— Exercise details —
In the records below, take the line with "Nissan - Juke" and all lines after it, and copy them exactly, pictures excluded.

— Data to use —
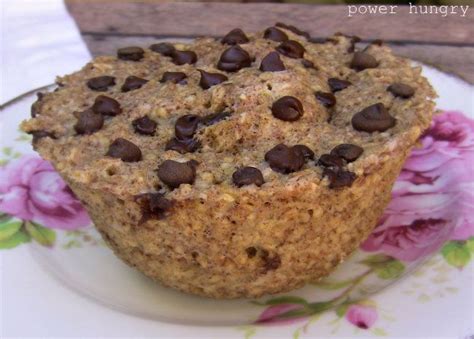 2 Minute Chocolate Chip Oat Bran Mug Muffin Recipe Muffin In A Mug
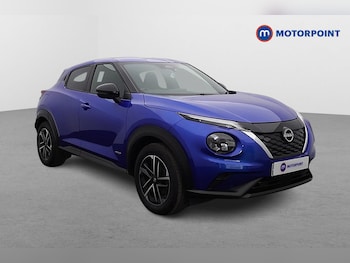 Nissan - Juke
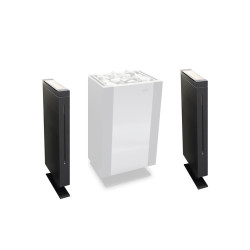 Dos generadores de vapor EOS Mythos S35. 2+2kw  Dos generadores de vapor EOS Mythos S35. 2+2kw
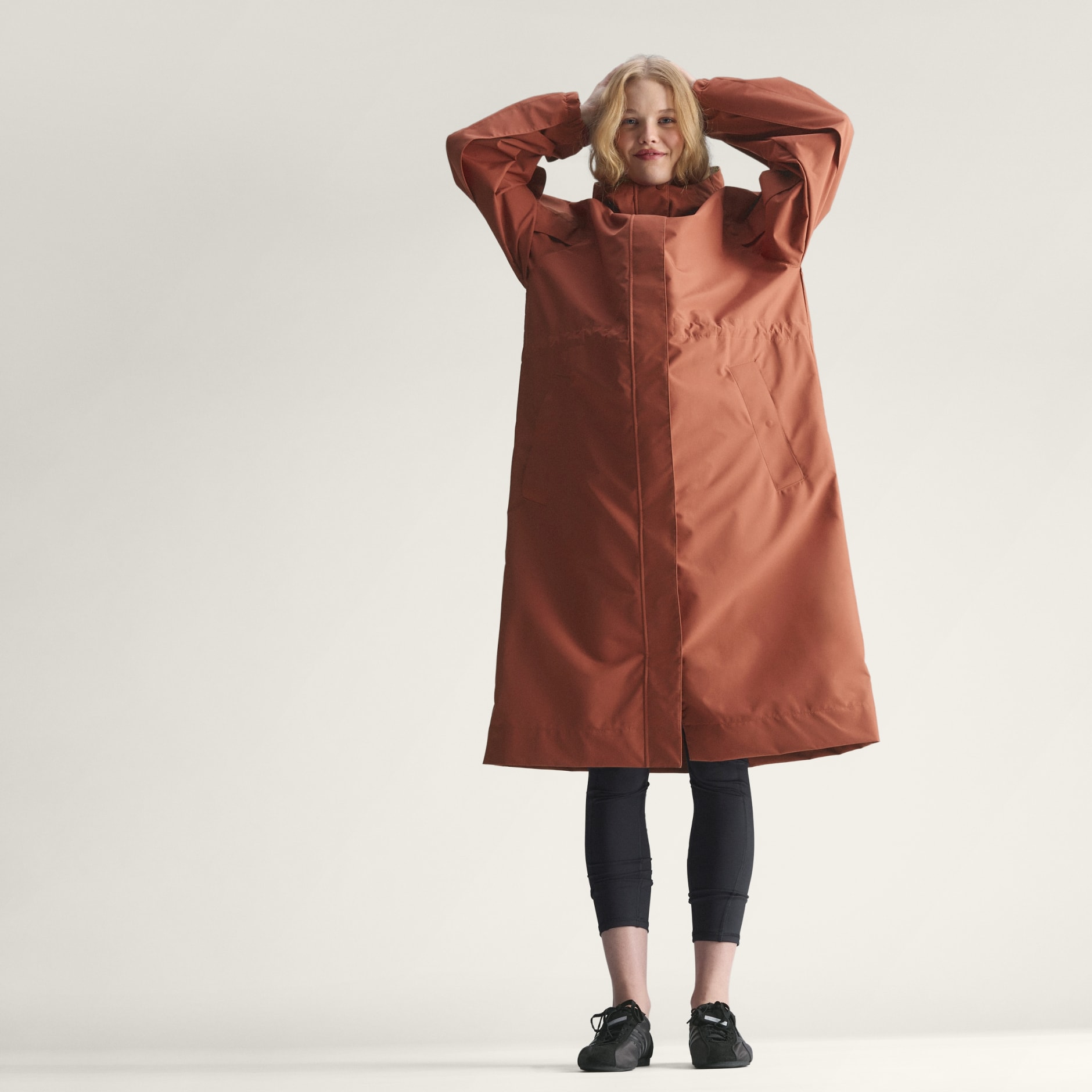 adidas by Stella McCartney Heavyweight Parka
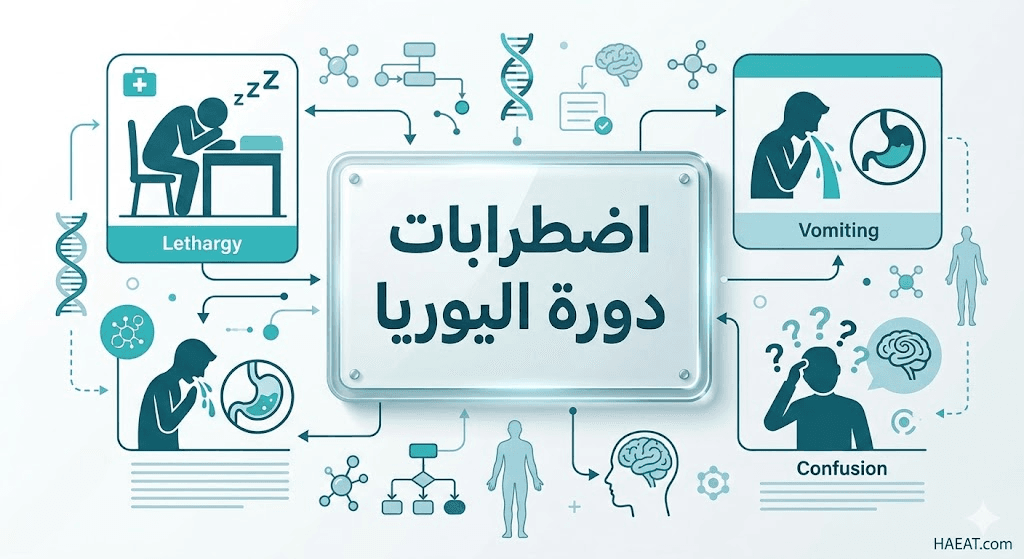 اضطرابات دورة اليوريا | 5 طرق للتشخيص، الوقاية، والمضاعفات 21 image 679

— Response —
 Nissan - Juke
 Dos generadores de vapor EOS Mythos S35. 2+2kw  Dos generadores de vapor EOS Mythos S35. 2+2kw
 adidas by Stella McCartney Heavyweight Parka
 اضطرابات دورة اليوريا | 5 طرق للتشخيص، الوقاية، والمضاعفات 21 image 679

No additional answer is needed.